(Items from a dataset)
..........

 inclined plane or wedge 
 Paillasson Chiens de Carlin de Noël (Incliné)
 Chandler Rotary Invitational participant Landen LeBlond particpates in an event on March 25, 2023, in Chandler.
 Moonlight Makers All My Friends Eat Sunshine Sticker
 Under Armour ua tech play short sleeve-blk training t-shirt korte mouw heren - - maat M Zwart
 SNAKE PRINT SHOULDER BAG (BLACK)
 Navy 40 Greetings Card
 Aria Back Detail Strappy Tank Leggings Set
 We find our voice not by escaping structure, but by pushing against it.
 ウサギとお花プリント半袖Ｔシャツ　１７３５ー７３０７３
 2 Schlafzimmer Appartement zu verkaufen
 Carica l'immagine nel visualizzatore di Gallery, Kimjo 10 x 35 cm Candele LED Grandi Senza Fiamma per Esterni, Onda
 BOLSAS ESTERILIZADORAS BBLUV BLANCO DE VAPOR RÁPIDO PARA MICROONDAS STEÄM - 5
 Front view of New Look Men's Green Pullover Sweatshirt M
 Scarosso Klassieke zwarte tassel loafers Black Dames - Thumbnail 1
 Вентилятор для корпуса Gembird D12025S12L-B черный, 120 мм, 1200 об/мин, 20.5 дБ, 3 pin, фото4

..........

• _WHAT IS EXPECTED_
What you give back should be the lines from the one with "Aria Back Detail Strappy Tank Leggings Set" to the end of the data, copied exactly, both ends included.

• _OUTPUT OF THE TASK_
 Aria Back Detail Strappy Tank Leggings Set
 We find our voice not by escaping structure, but by pushing against it.
 ウサギとお花プリント半袖Ｔシャツ　１７３５ー７３０７３
 2 Schlafzimmer Appartement zu verkaufen
 Carica l'immagine nel visualizzatore di Gallery, Kimjo 10 x 35 cm Candele LED Grandi Senza Fiamma per Esterni, Onda
 BOLSAS ESTERILIZADORAS BBLUV BLANCO DE VAPOR RÁPIDO PARA MICROONDAS STEÄM - 5
 Front view of New Look Men's Green Pullover Sweatshirt M
 Scarosso Klassieke zwarte tassel loafers Black Dames - Thumbnail 1
 Вентилятор для корпуса Gembird D12025S12L-B черный, 120 мм, 1200 об/мин, 20.5 дБ, 3 pin, фото4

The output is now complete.